Hari Selasa, 8 Januari, PRIMETIME NEWS Metro TV mengambil
topik “Di balik ‘Ferari’ Meteri Dahlan”.
Pewawancaranya adalah termasuk wartawan senior di Metro TV itu, yaitu (kalau tidak salah) Zelda Savitri.
Dengan sadisnya wanita ini menguliti Pak Dahlan. Sekalipun Pak Dahlan sudah
mengaku salah dan siap bertanggung jawab, tetap saja masih dipojoki
sampai-sampai Pak Dahlan berkomentar, “Apakah saya harus mencium kaki Mbak!”
Pertanyaan besar yang muncul, mengapa media begitu bernafsu
“menghakimi” Pak Dahlan yang dengan jujur sudah mengaku salah? Apa yang
dilakukan wartawan Metro TV itu memang sungguh amat sangat memalukan dan
memuakkan. Saya jadi tidak bersimpati dengan Metro TV (juga media lain). Apakah
kita ingin salah satu putera terbaik bangsa ini mundur dari jabatannya? Lantas,
apa gunanya kejujuran jika masih terlihat ketidakpuasan di wajah kita?

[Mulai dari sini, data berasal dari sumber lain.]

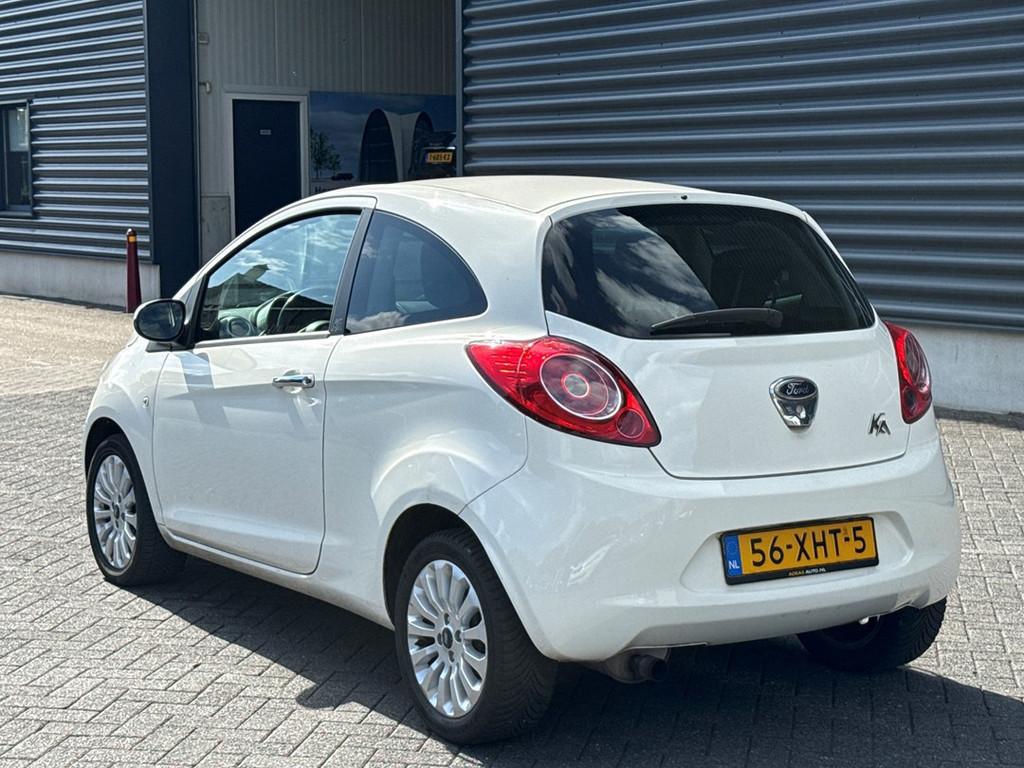 Ford Ka 1.2 Titanium X start/stop, airco, Autos, Euro 5, Achat, Entreprise, 115 g/km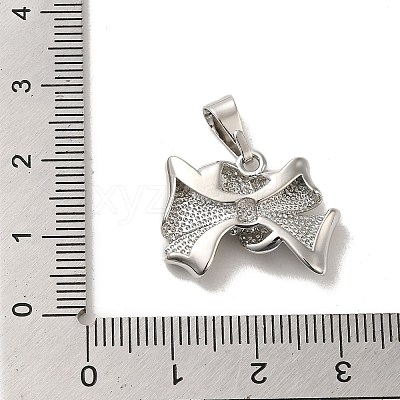 Rack Plating Brass Pendants KK-H473-07P-05-1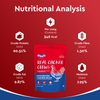 Drools Dehydrated Real Chicken Necks Chews Treat for Dogs Dog Treats + Others Drools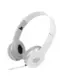 Stereo slušalke Esperanza Techno, bele barve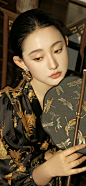 东方美
采集@别致的七
cr：天航工作室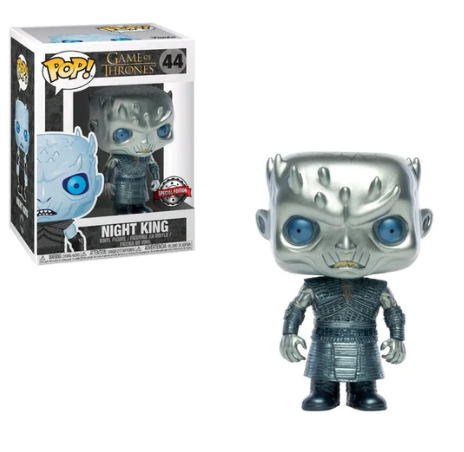 Night King Game Of Thrones Pop! Vinyl Figure 44 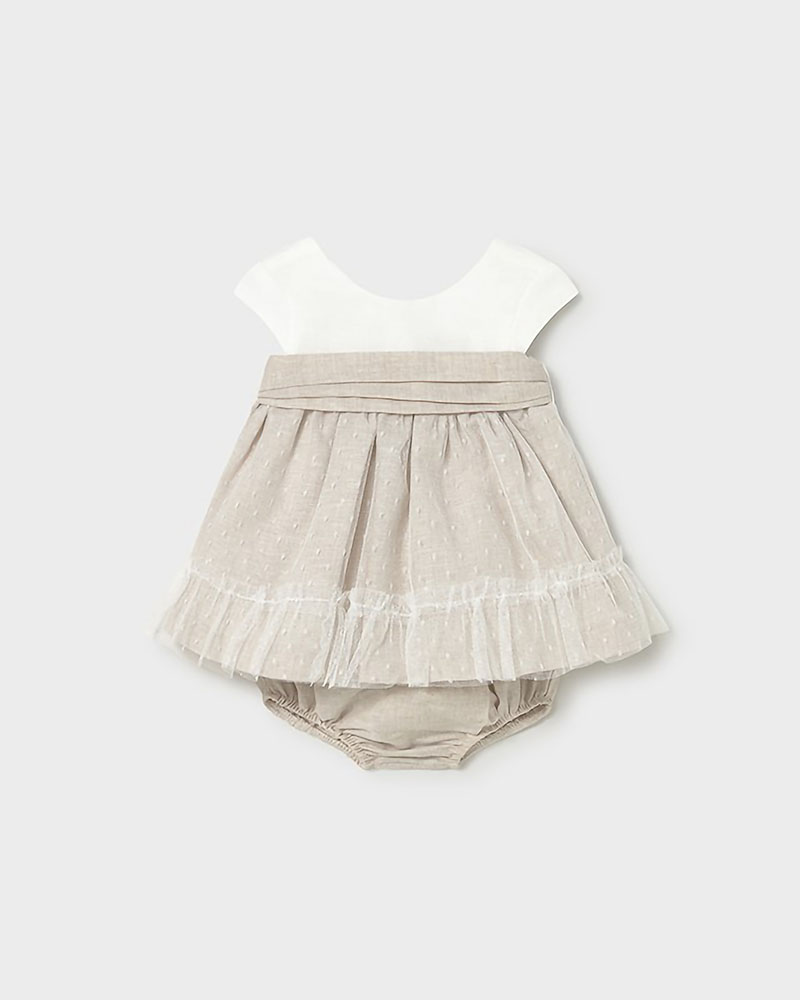 MAYORAL Φορεμα αμπιγε - 26-01887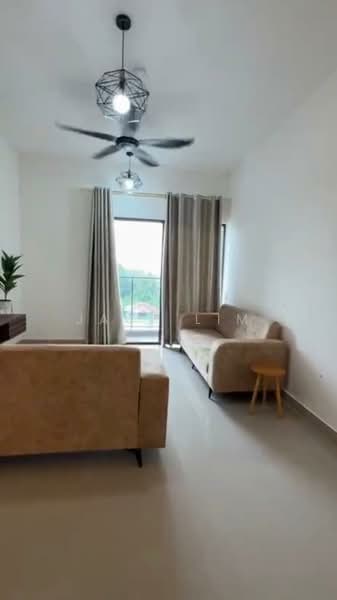 Kondominium untuk Disewa di Arinna - Jack Lim - Living Room - PropertyGuru.com.my
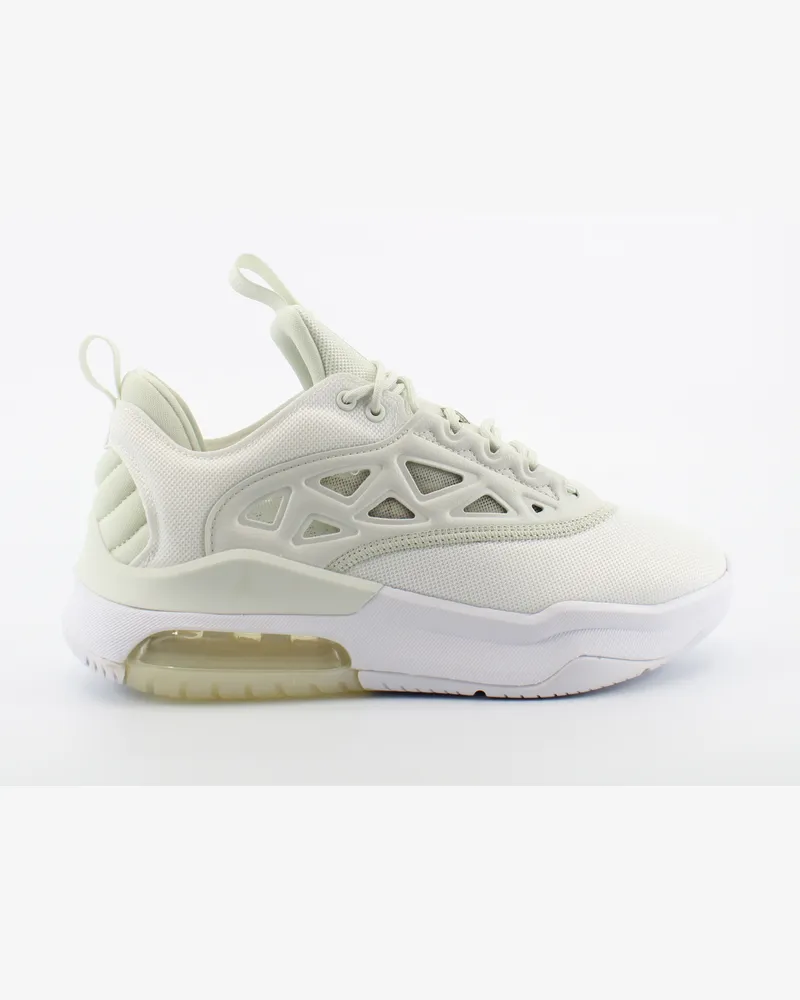 Nike Jordan Air Max 200 Frauen weiße Trainer Weiß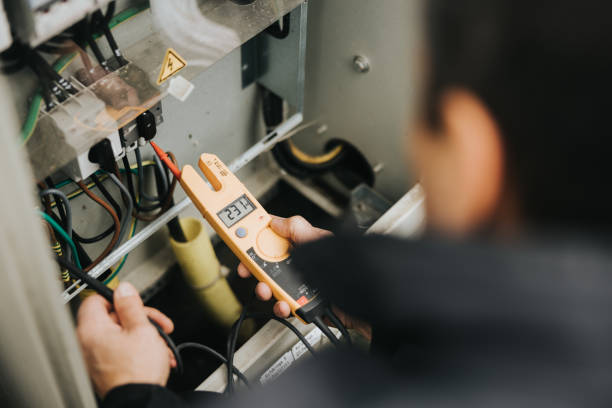 Best Industrial Electrical Services  in Farr West, UT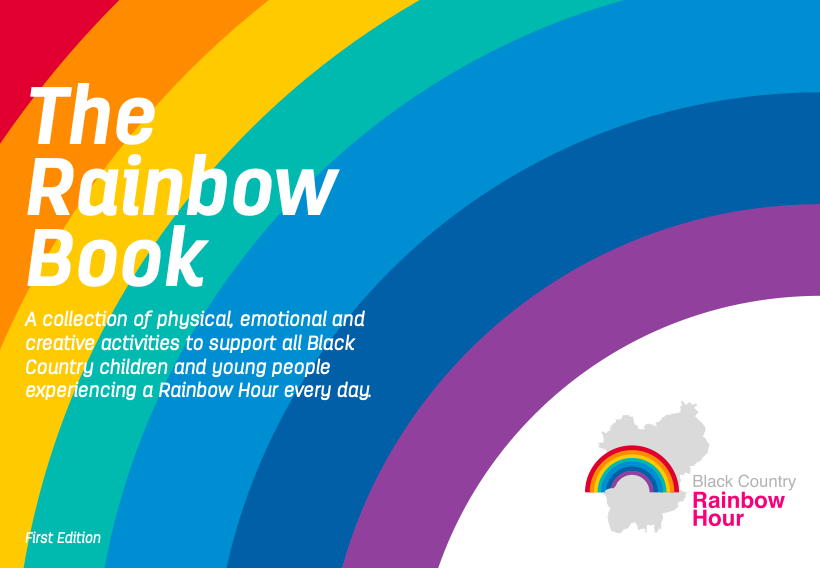 BlueCoatWalsall's tweet image. @BlueCoatWalsall will be participating in the #BlackCountryRainbowHour, over the next few weeks. Schools in the Black Country are committing to providing all pupils access to one hour of wellbeing and physical activity each day, using the #RainbowBooklet. Activity 1 tomorrow!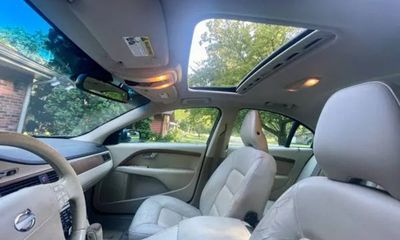 2009 Volvo S80 3 2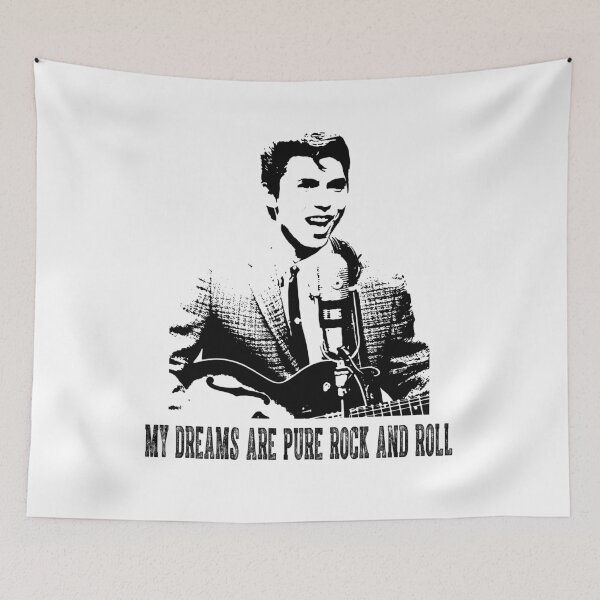 Item preview, La Bamba Movies My Dreams Are Pure Rock And Roll designed and sold by TamaraTimothy2.
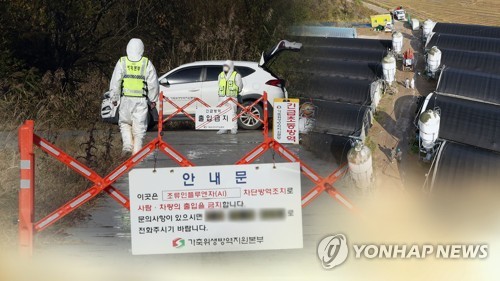 "추석연휴 조류인플루엔자 번질라"…긴장한 지자체들, 방역 강화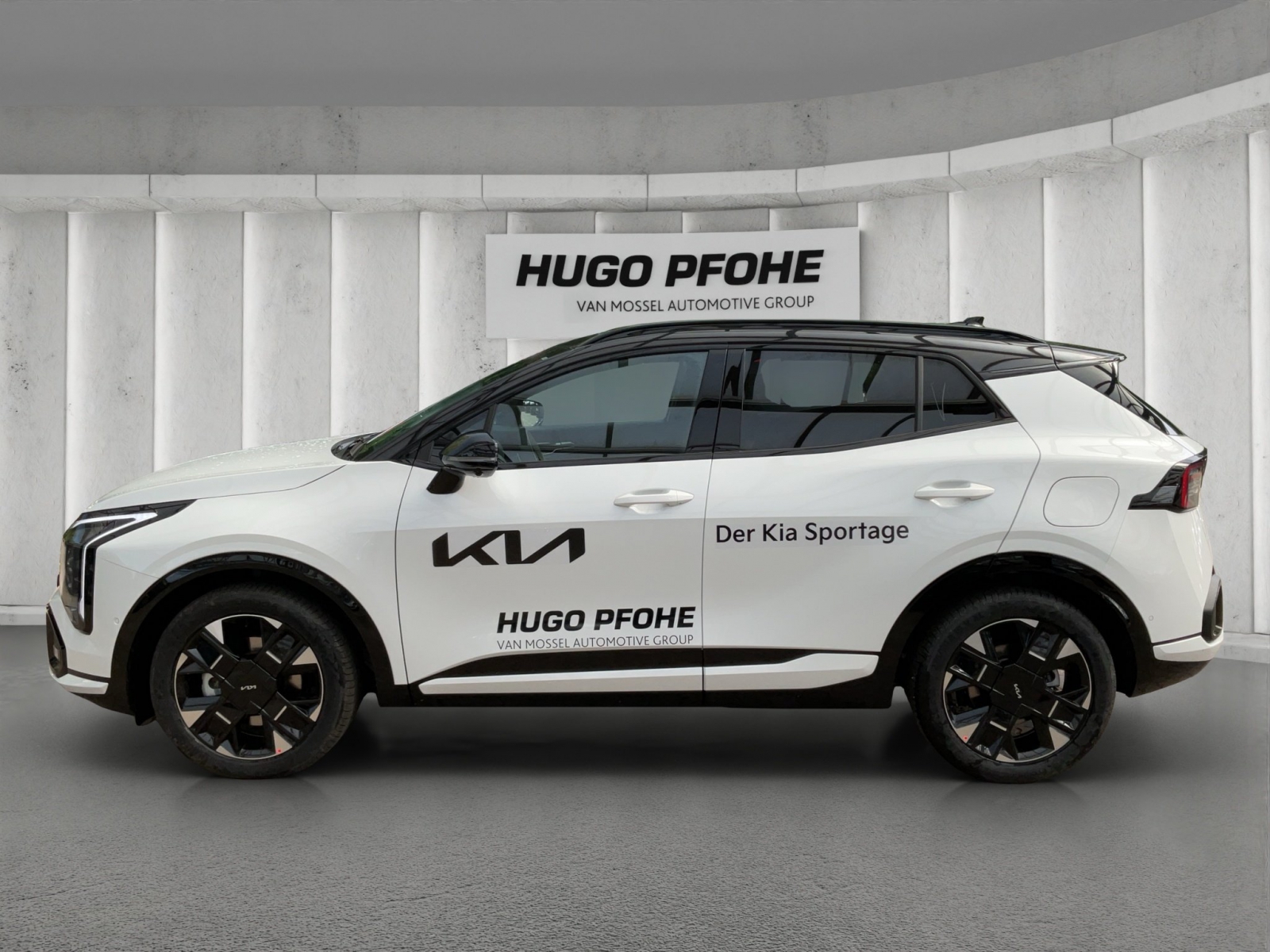 Kia Sportage – Bild 2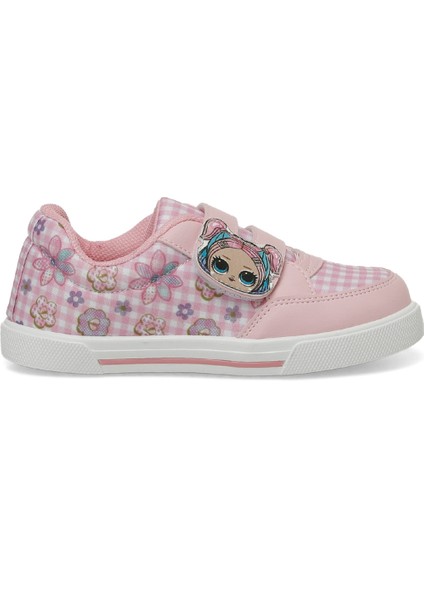 TALU.P4FX Pembe Kız Çocuk Sneaker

Cukup menarik untuk merenungkan pernyataan Pak Dahlan. Dengan
jujur Pak Dahlan mengakui bahwa dia telah melakukan pelanggaran, tapi bukan
kejahatan. Saya sangat setuju dengan pernyataan itu. Tidak semua pelanggaran
itu adalah kejahatan, tapi setiap kejahatan adalah pelanggaran. Memang,
kesalahan yang terjadi pada diri Pak Dahlan adalah kategori pelanggaran, bukan
kejahatan. Dan pelanggaran yang dilakukannya pun masih terbilang sangat kecil.
Kenapa media (seperti Metro TV dan TV One) begitu getol menghakimi dan
mengadili Pak Dahlan?
Sebuah ironisme ditampilkan oleh media ini. Di sisi lain
media ini begitu getol membela pelanggaran kecil yang menimpa kaum kecil.
Misalnya, kasus buah kakao atau bambu. Di sisi lain media juga sangat getol menghakimi
dan “menguliti” pelanggaran kecil hanya karena dilakukan oleh pejabat publik.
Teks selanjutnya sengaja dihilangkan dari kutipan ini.